Recruiters often select candidates based on visual aesthetics, excluding talented people whose designs might not be the latest delightful trend. Your company may also need someone who understands or is willing to learn about information technology, content strategy might be really important for the role, or there may be complex back-end requirements that will affect the UX. Management and recruiting need to think hard about what qualities are best for the job, looking beyond specific design aptitude.

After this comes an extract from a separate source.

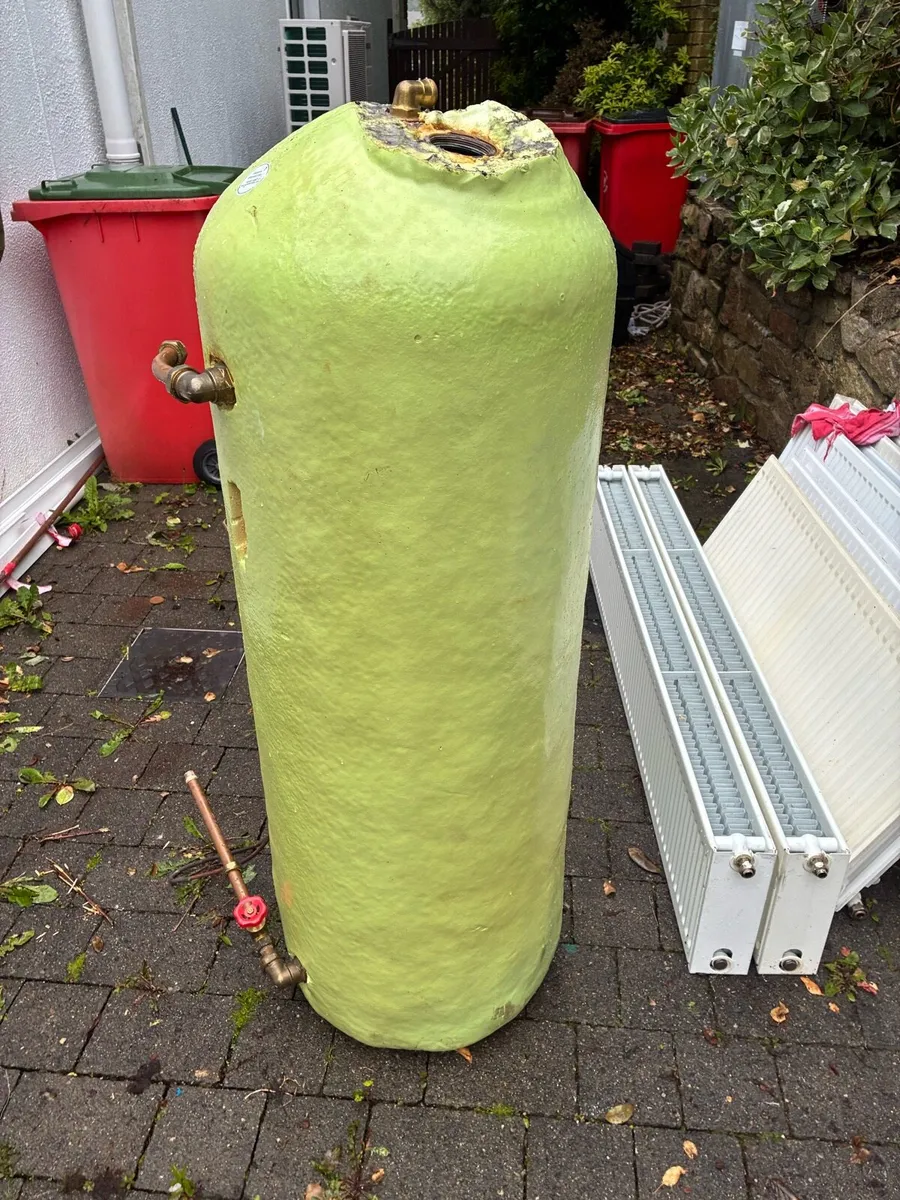 Water Cylinder - Image 3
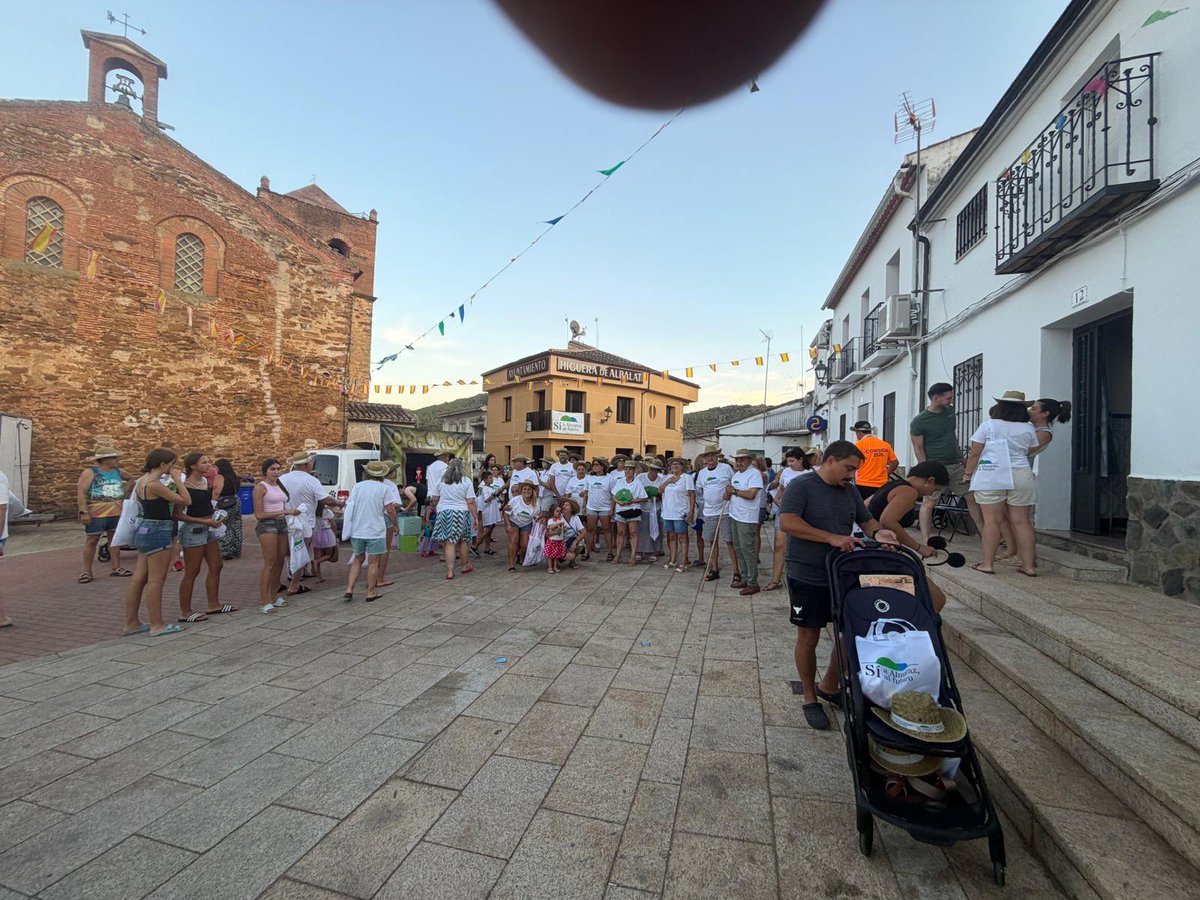 SiAlmaraz's tweet photo. 🎉 En las fiestas de Higuera de Albalat también está presente el mensaje de toda una comarca: Sí a Almaraz, Sí al Futuro.

💚 ¡Gracias por vuestro apoyo!

#SiAlmaraz #YoApoyoAlmaraz #EnergíaNuclear #AlianzaPorAlmaraz #Sostenibilidad #HigueraDeAlbalat https://t.co/w1OITT2UNP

Also, loading your team with top notch talent is rarely realistic; there are a lot of job options in Silicon Valley. Holding out for the full roster of As may be an exercise in futility. If you do pull it off, you might also find all of them jockeying for the shiniest projects, leaving no one willing to take on the mundane legacy products or admin settings. In fact, it's highly possible that 80% of your design work doesn't need anything close to a Jony Ive Junior, just someone who is committed, collaborative, and has baseline skills.


PROJECT FUN


Workhorses need more than water.

Silicon Valley sure likes to line up the fun for their employees. Glass blowing, Sumo suits, bitter beer tasting along the Embarcadero. The excess can get a bit obnoxious, but these outings are generally a good thing. The social breaks and team building are important.

But it's not enough.

You need to assign productive fun. I'm talking projects that have real value, but aren't the core work for your team. This could be designing t-shirts for a product release, or creating a poster that details the UX process. It should even include work work, like assisting with usability or product research... anything outside the day-to-day for that team member, and is generally lighter in weight.

avoid making the fun project a side project.

Carve out time for the designer as per the usual schedule. If the fun thing has them working longer hours, it undermines the recharge value. Hard working team members may appear to be an endless well, but they're not. Give them fun assignments from time to time, and they'll be happier.